Gonzalez also said that management expects AbbVie to get back to steady upward growth in 2025. He noted that Skyrizi and Rinvoq alone are on track to eclipse Humira sales by the year 2027. It's also important to emphasize that while increased competition to Humira could affect AbbVie's top and bottom line as it recalibrates to other sources of growth, a number of the drug's manufacturing patents are still in force until 2034, which should continue to pose challenges to companies wishing to launch Humira biosimilars.  

For long-term healthcare investors, AbbVie's robust portfolio of products and established track record of profitability (its annual net earnings have risen by more than 100% over the trailing five years alone) are all green flags for the company's future, even after the star power of Humira begins to recede. For income investors, it's also worth mentioning that the healthcare stock pays a dividend that currently yields 4% and which has risen more than 50% in the last five years alone.  

2. Vertex Pharmaceuticals 

Vertex Pharmaceuticals (VRTX 1.25%) is another rock-solid healthcare stock for long-term investors to consider buying in 2023 and holding for many years. The biopharmaceutical company has built its business around a portfolio of four top-selling products, all of which treat the rare genetic disease cystic fibrosis. 

These drugs are all CFTR modulators, a class of drugs that has had a revolutionary impact on what a diagnosis of cystic fibrosis means for patients, as well as the longevity and quality of life that patients can experience. Simply put, the goal of CFTR modulators is to correct and manage the underlying protein malfunction that causes someone to have cystic fibrosis in the first place. And since it owns the only approved CFTR modulators on the market, Vertex Pharmaceuticals has retained a distinct competitive edge in this multibillion-dollar segment of the rare disease drug market. 

Over the past decade, the strength of Vertex's small but top-selling portfolio has enabled it to grow its revenue by more than 200%. Meanwhile, the company's net earnings have skyrocketed to the tune of about 790% over the trailing decade. And the company's cash position has also soared more than 300% in the past 10 years.  

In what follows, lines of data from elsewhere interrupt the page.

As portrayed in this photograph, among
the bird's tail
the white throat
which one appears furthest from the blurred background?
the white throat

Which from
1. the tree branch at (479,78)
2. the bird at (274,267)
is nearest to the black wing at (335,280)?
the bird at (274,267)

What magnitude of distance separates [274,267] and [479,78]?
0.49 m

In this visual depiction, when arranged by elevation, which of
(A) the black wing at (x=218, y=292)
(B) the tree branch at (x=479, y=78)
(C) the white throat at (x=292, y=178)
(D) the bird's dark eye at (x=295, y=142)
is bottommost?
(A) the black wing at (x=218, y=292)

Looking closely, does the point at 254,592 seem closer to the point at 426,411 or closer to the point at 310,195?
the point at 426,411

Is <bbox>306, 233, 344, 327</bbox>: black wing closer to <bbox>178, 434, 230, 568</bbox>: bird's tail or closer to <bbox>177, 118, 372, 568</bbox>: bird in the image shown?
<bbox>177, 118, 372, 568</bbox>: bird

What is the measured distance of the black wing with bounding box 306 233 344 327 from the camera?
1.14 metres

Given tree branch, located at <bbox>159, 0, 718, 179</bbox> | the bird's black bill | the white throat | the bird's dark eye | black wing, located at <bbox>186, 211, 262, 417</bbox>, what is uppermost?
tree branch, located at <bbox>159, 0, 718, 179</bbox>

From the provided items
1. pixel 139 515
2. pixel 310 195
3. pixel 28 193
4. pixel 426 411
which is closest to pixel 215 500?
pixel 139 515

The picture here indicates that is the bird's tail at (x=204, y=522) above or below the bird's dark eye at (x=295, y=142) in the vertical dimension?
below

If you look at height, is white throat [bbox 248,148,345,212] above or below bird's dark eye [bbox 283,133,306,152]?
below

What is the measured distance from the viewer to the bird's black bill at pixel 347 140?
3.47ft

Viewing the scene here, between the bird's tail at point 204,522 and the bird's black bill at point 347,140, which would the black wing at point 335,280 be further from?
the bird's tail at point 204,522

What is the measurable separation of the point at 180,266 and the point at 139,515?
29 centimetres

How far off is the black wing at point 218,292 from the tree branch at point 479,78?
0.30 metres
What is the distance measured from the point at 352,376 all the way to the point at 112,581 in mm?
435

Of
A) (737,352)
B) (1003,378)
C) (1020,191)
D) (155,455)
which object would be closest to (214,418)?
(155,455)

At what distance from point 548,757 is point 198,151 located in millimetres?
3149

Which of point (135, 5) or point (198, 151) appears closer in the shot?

Now, Vertex is looking toward to the future as it seeks to launch itself to future growth from the established successes of its lucrative portfolio.

The company could soon witness its first non-cystic fibrosis product approval. Vertex and its partner CRISPR Therapeutics are awaiting regulatory review of exa-cel, a therapy that could be a one-time functional cure for the rare blood disorders sickle cell disease and transfusion-dependent beta thalassemia. VX-522 is another promising candidate from Vertex's pipeline that it's developing with Moderna. It's an mRNA therapy for cystic fibrosis patients who don't benefit from CFTR modulators.

Then there's the the company's acute pain disorder candidate VX-548, which is in phase 3 clinical testing. CEO Reshma Kewalramani noted in the Q3 earnings call that the drug "offers the potential of highly effective pain relief without the side effects or addictive potential of opioids." Investors could be witnessing just the beginning of the long-term growth runway that Vertex Pharmaceuticals could achieve over the next decade, creating a tempting buying proposition in the current market and well beyond.